[Data to process — start]
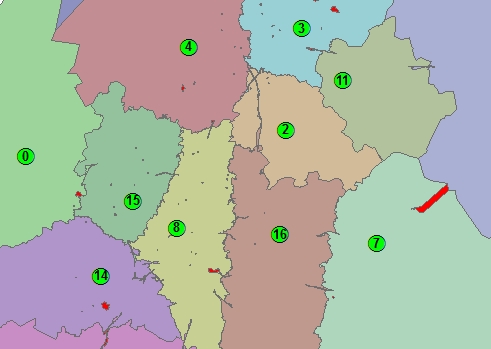 Assigned service areas - No CutOff Cost used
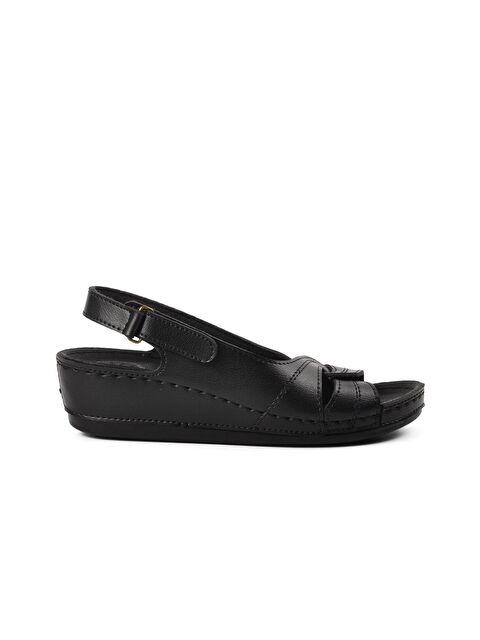 Ayakmod 15.027 Siyah Kadın Dolgu Topuk Sandalet - S000026267-19351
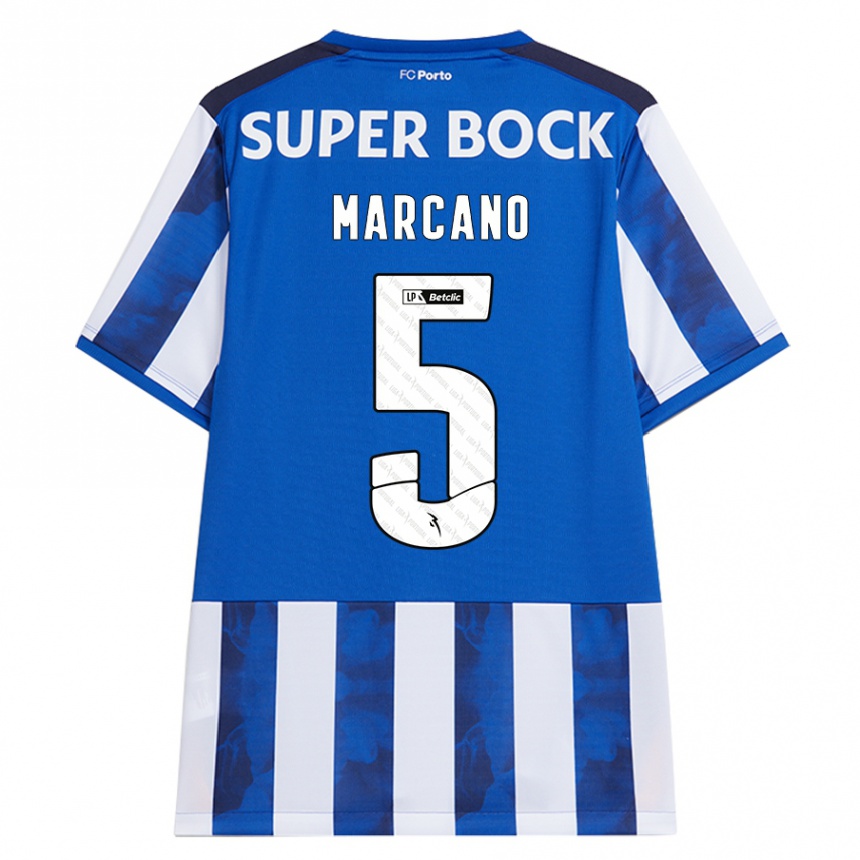 Niño Fútbol Camiseta Ivan Marcano #5 Azul Blanco 1ª Equipación 2024/25 Argentina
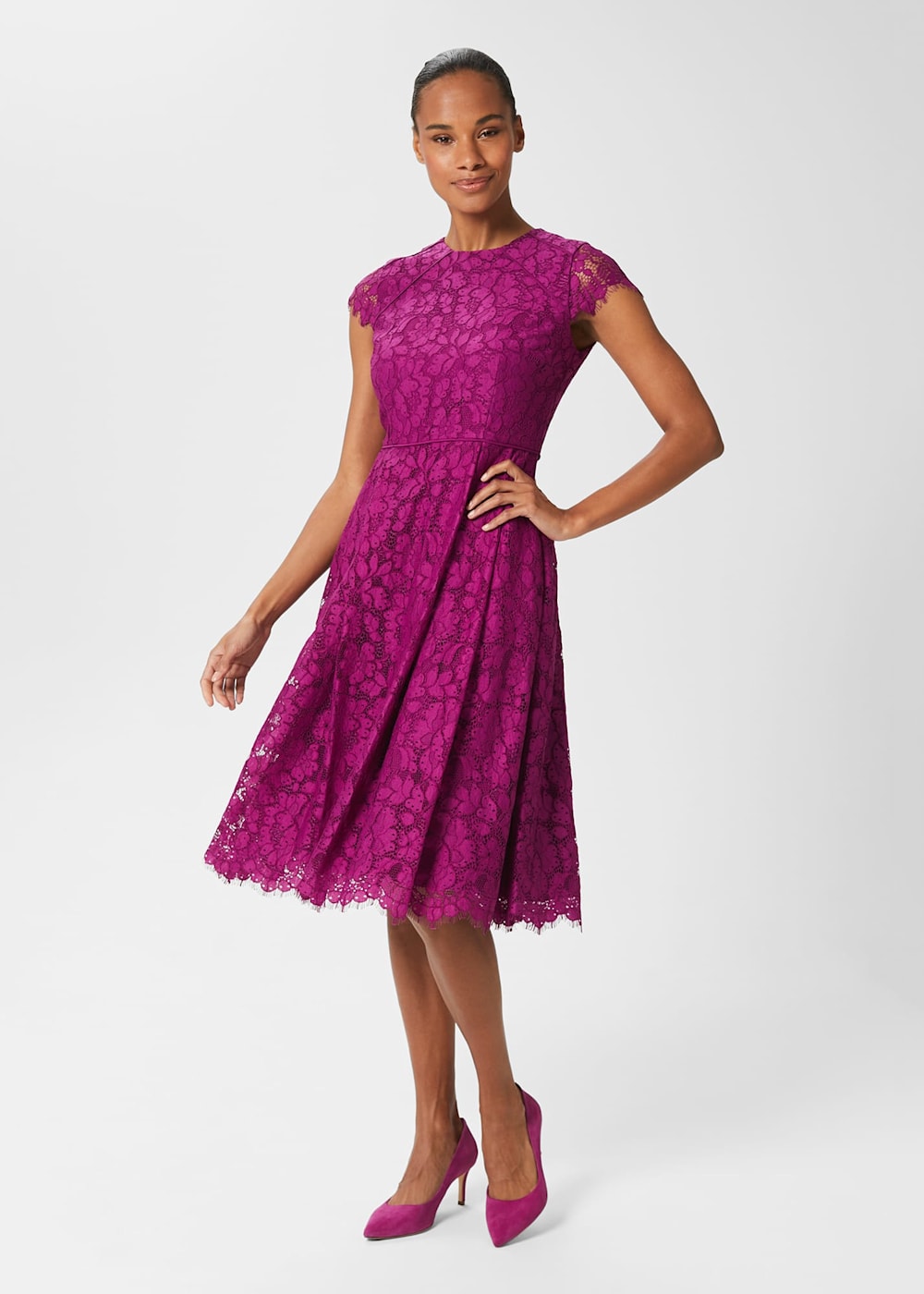Pink lace shift dress cheap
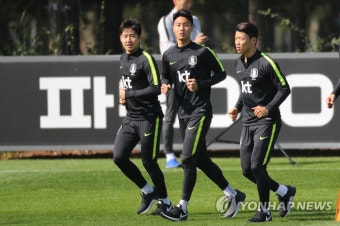 회복훈련하는 축구대표팀 선수들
[Data to process — finish]
**Problem details**
Set down exactly, and only, the lines from the one containing "Ayakmod 15.027 Siyah" through the last line of the entries. Pictures do not belong in the copy.

**Expected output**
 Ayakmod 15.027 Siyah Kadın Dolgu Topuk Sandalet - S000026267-19351
 Niño Fútbol Camiseta Ivan Marcano #5 Azul Blanco 1ª Equipación 2024/25 Argentina
Pink lace shift dress cheap
 회복훈련하는 축구대표팀 선수들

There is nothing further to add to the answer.